Sbaglia chi crede e ripete che in questo Ferragosto non abbia pesato il ruolo degli europei. Sul lato russo pesa la fermezza con cui si continua a sostenere gli ucraini, anche dal punto di vista militare; il che, ogni giorno che passa, acuisce la sconfitta russa, certificata dalla non vittoria su un avversario che considerava tanto inferiore. Sul lato americano pesa il non essersi divisi dopo il suo attacco commerciale – che è politico – e l’avere impedito di replicare la Conferenza di Monaco.

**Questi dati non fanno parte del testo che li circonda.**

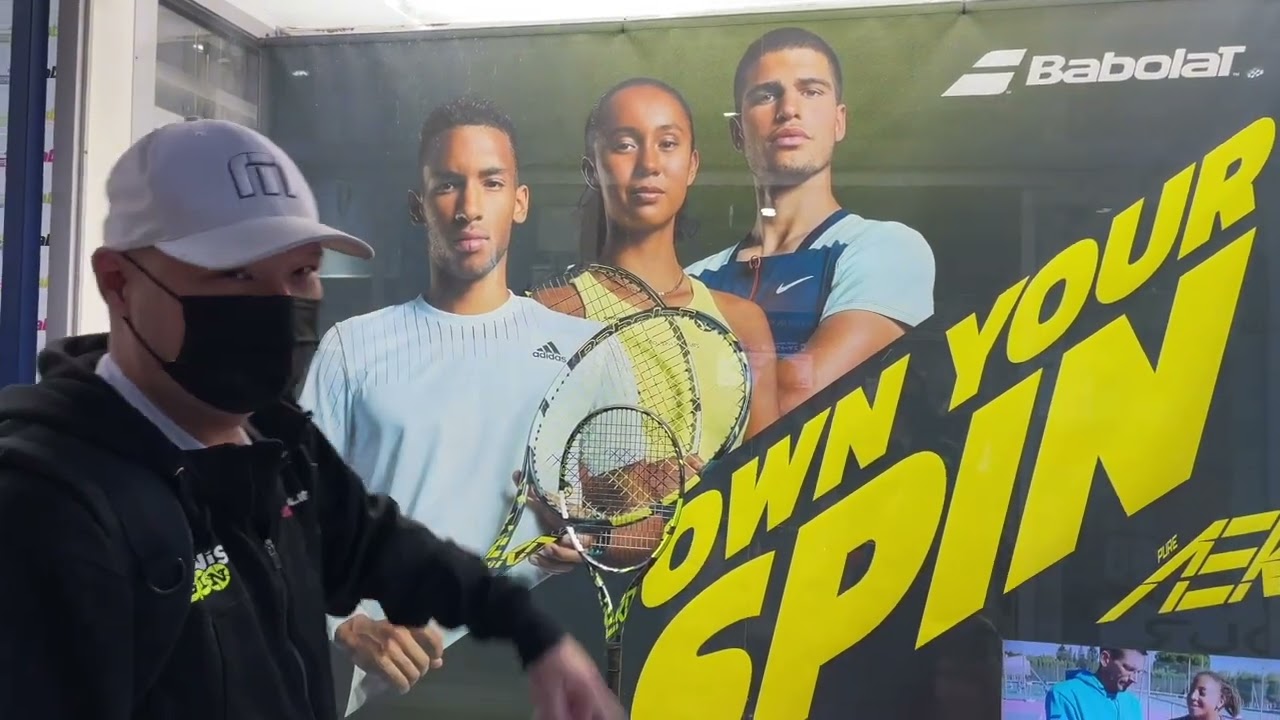 WINDSOR RACKET SHOP SHIBUYA JAPAN - BIGGEST TENNIS SHOP I HAVE EVER SEEN!  WILL I FIND A REGNA 98?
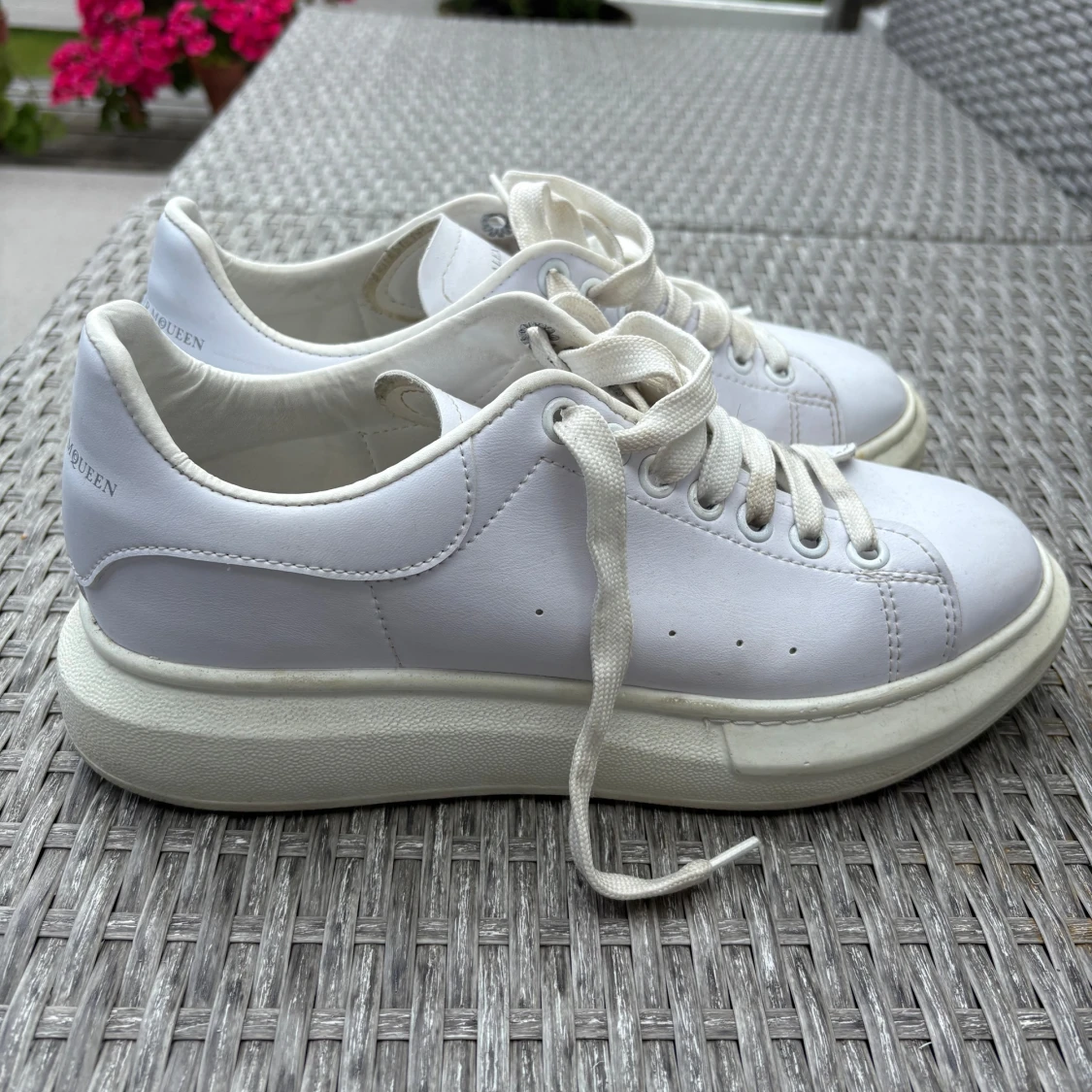 Vita sneakers från Alexander McQueen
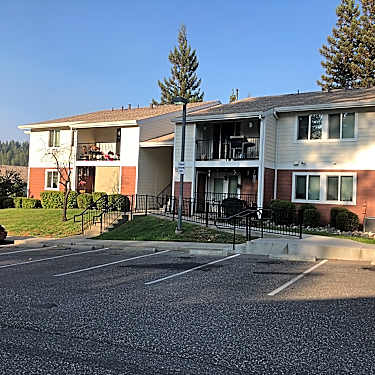 Nevada Woods 360 Sutton Way Apt 21 Grass Valley Ca Apartments For Rent Rent Com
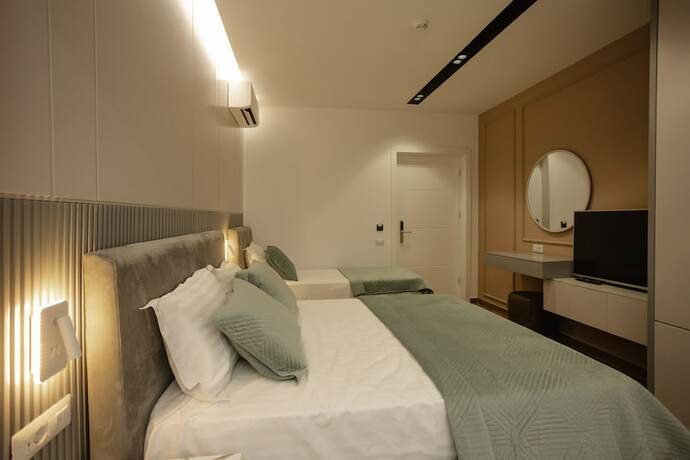 Imagen de la habitación del Hotel Kompleksi Royal. Foto 14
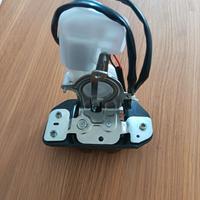 Attuatore per la serratura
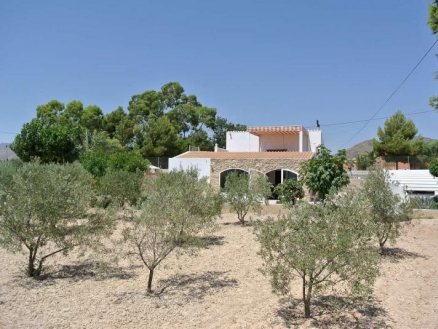 Villa for sale in town, Spain 202127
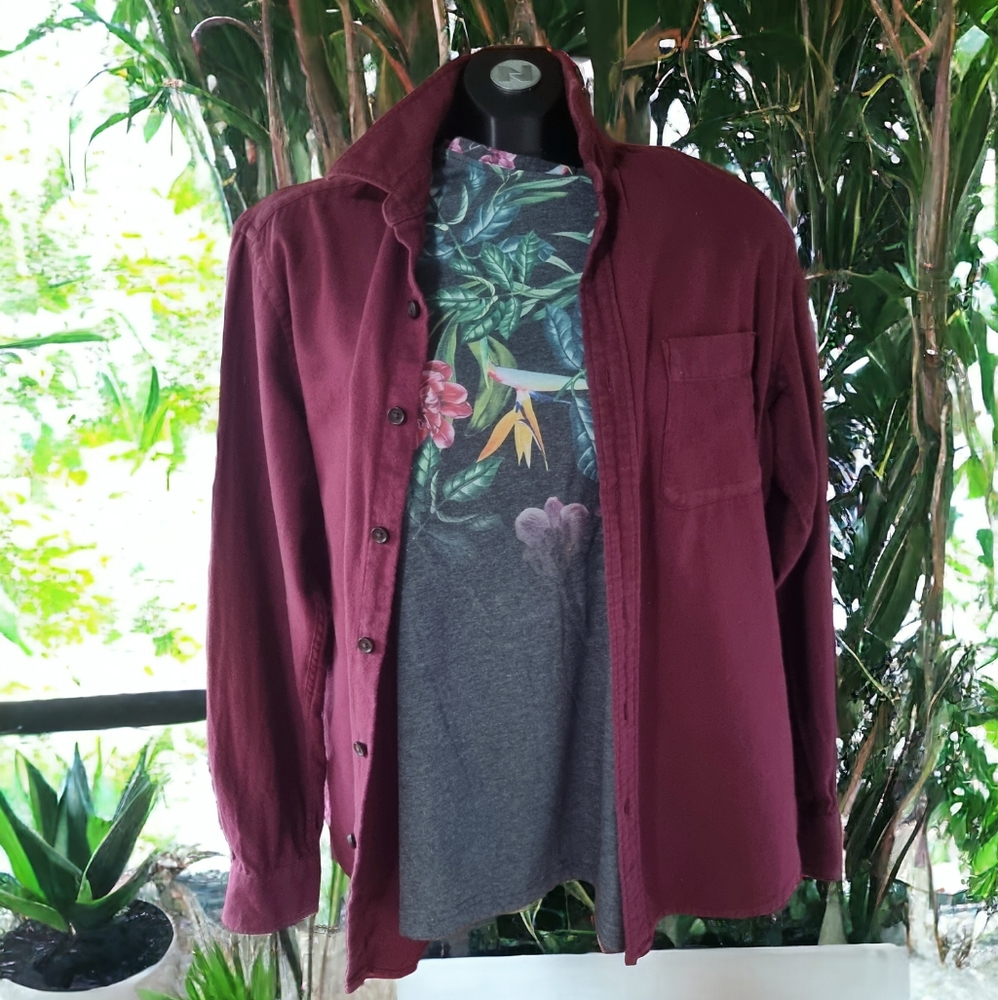 Independent Leaders Floral T-Shirt & Maroon UniQlo Button Down Oversirt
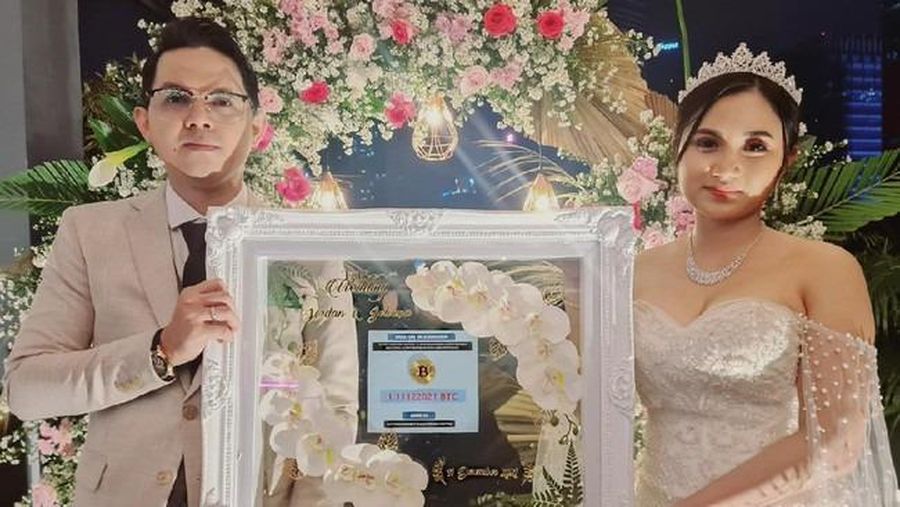 Pasangan penganten di Indonesia menikah dengan mahar atau mas kawin bitcoin sebanyak 1,11 keping senilai Rp719 juta. (Dok. Istimewa).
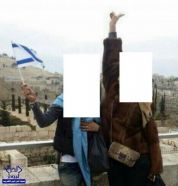 بالصورة.. بعد رفعها علم إسرائيل.. زوجة ريجياكامب اليهودية تعيد للأذهان قصة بيكرمان مع النصر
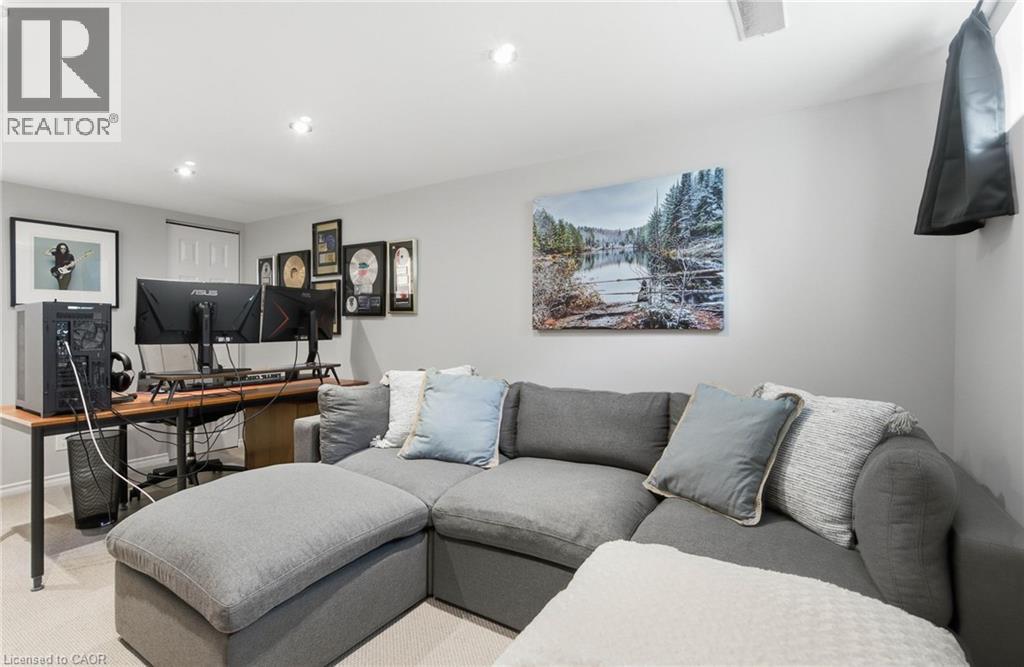 398 East 38th Street, Hamilton, Ontario  L8V 4G6 - Photo 32 - 40856590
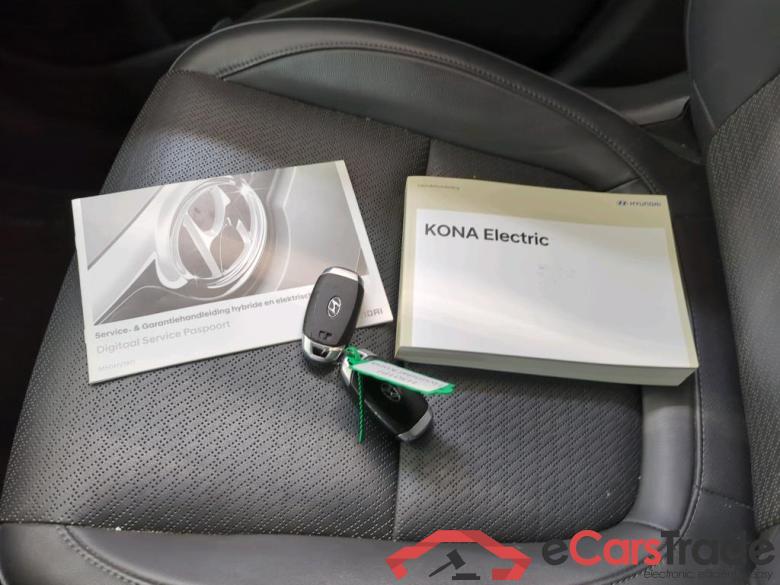 Hyundai Kona '17 Hyundai KONA Premium Electric 64 kWh 5d #4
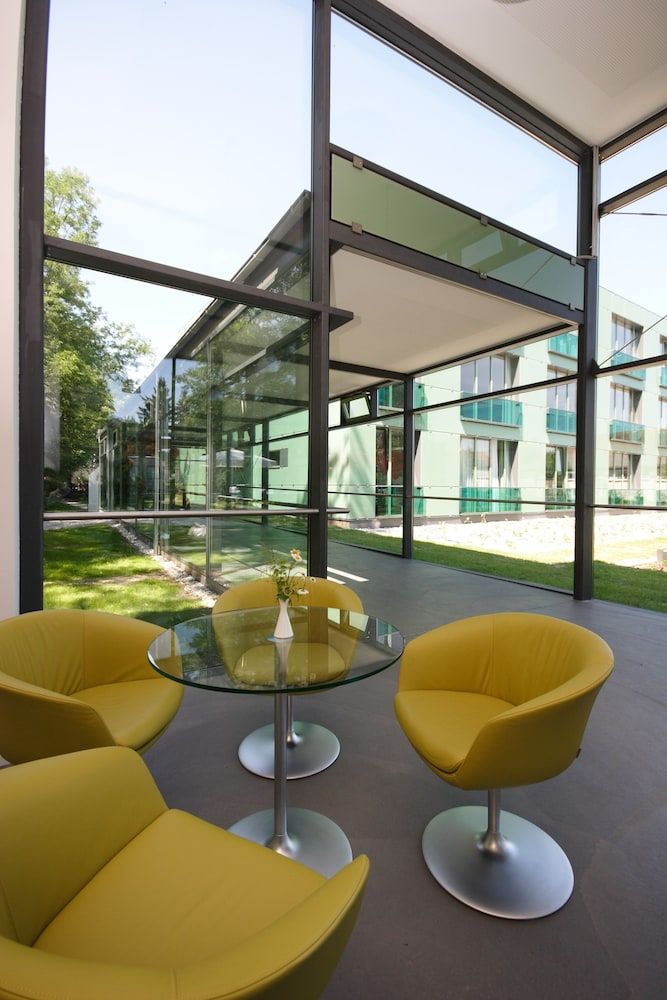 Schlossparkhotel Mariakirchen 2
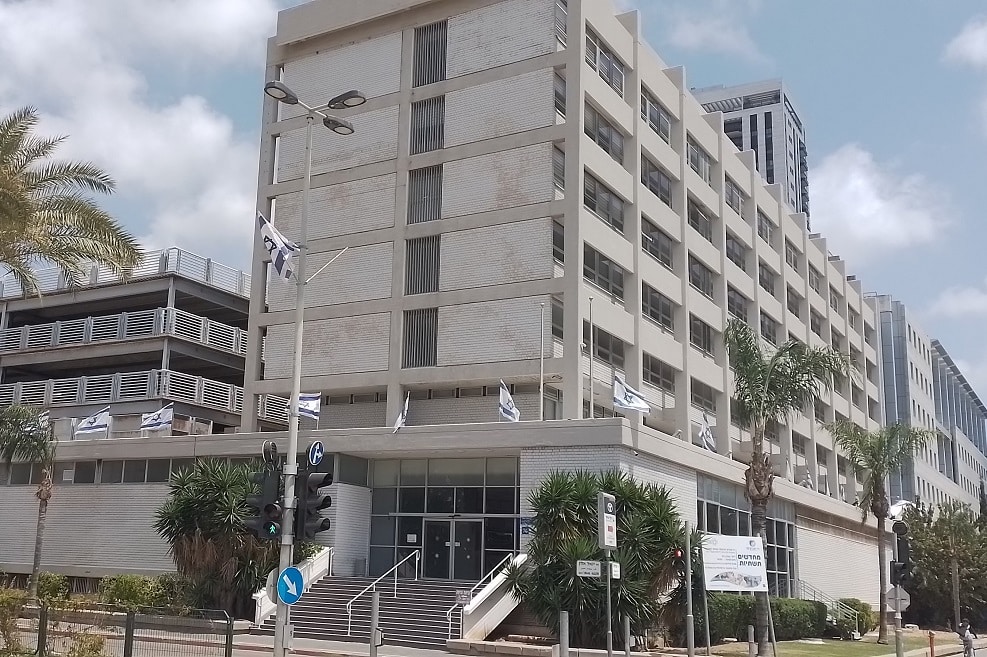 בית המשביר בדרך יגאל אלון // אילוסטרציה // צילום: זיו גולדפישר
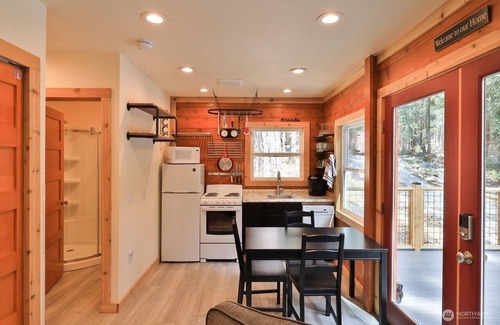 Leavenworth Cabin | Discover Adventure: Tiny Cabin Nestled in the Enchanting North Cascades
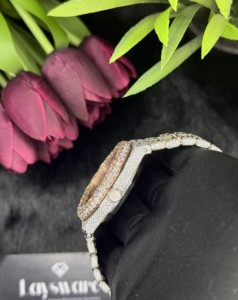 Montre automatique mécanique ETA en acier inoxydable, unisexe, de luxe, la plus vendue, avec un design tendance et sertie de moissanite de clarté VVS - Product Image 3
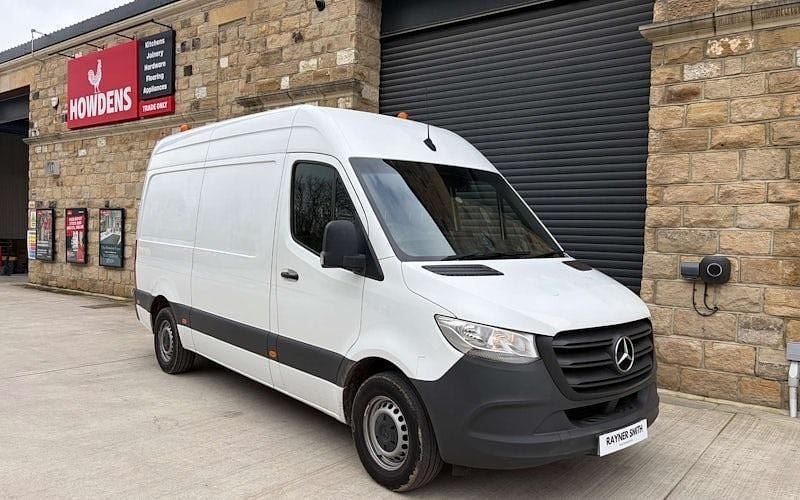 Used Mercedes Sprinter Progressive 170 HP (125 kW) 2023 Van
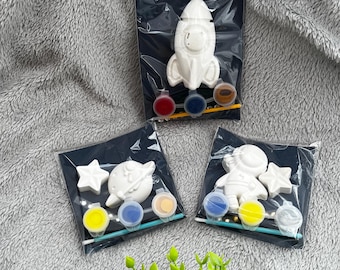 Paint Your Own Outer Space Craft Kits | Birthday Party Favours | Craft Set for Kids and Adults | Gift | Pocket Money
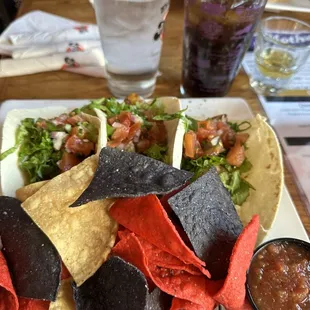 Shrimp tacos and nachos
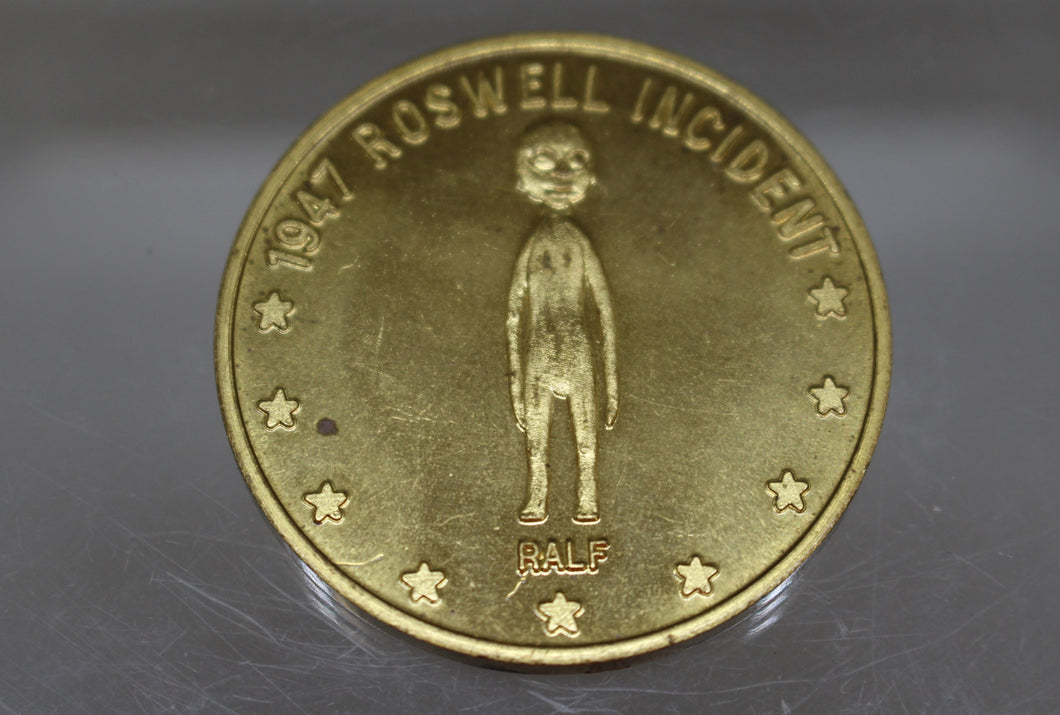 1999 International UFO Museum and Reasearch Center Challenge Coin - Used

A Trump non piace, ma il punto fermo che non si negozia senza l’aggredito l’ha dovuto deglutire. E non è poco.

Il negoziato vero – quando sarà veramente aperto – dovrà comprendere ogni possibile via per porre fine al conflitto, ostruendo quelle che premino l’aggressore e la sua violazione di ogni diritto internazionale. Compreso quello di guerra. Se il tempo necessario, che non sarà poco, fosse anche quello di un cessate il fuoco sarebbe già un risultato, ma il solo congelamento del fronte sarebbe un concedere troppo al bellicoso imperialismo di Putin.

Gli europei sono riusciti a pesare realizzando un mezzo miracolo: il ricongiungersi degli interessi fra l’Unione Europea e il Regno Unito. Il merito è dei “volenterosi”, impostati da Francia, Germania e Regno Unito, cui l’Italia fece – sbagliando – iniziale resistenza.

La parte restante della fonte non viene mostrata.